### Supplied material ###
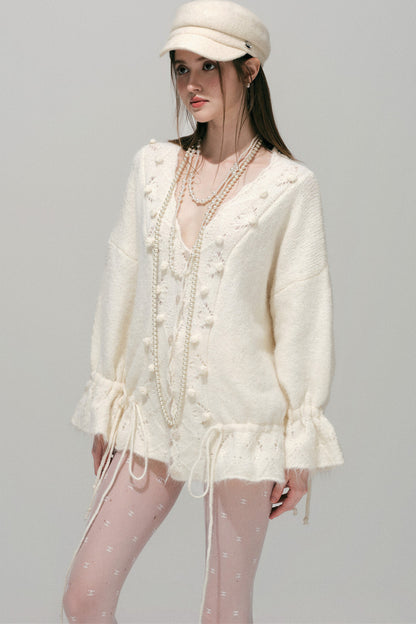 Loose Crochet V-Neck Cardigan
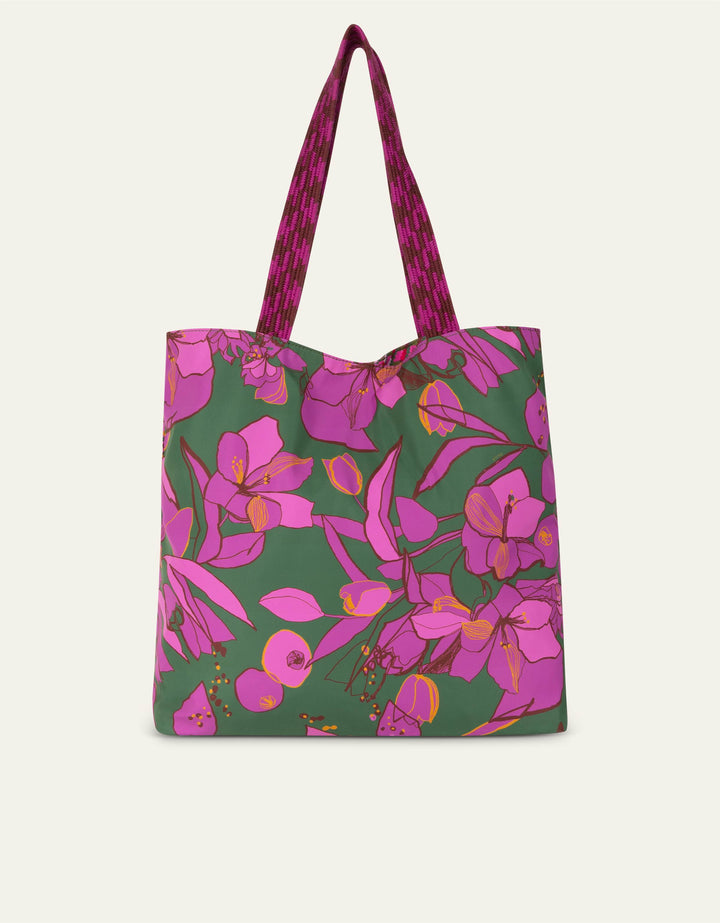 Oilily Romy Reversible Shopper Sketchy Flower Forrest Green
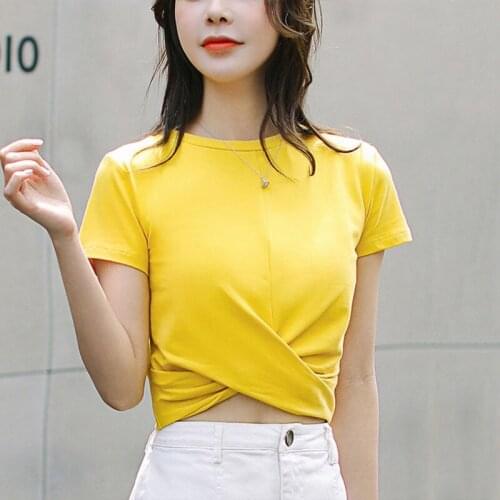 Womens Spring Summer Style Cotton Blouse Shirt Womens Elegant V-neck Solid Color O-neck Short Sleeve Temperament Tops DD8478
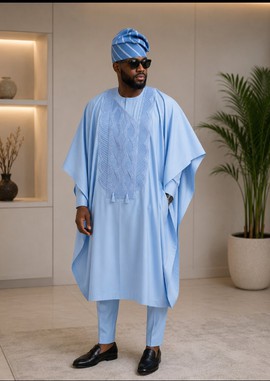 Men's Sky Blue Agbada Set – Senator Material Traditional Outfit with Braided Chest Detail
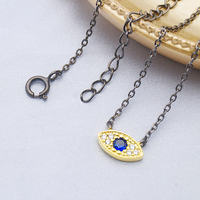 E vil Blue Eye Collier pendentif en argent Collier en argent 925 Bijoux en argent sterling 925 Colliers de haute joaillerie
###
- **Exercise prompt**: Each line from the beginning of the entries up to and including the one containing "Men's Sky Blue" must be restated exactly. Pictures are to be left out.

- **Solved exercise**:
 Loose Crochet V-Neck Cardigan
 Oilily Romy Reversible Shopper Sketchy Flower Forrest Green
 Womens Spring Summer Style Cotton Blouse Shirt Womens Elegant V-neck Solid Color O-neck Short Sleeve Temperament Tops DD8478
 Men's Sky Blue Agbada Set – Senator Material Traditional Outfit with Braided Chest Detail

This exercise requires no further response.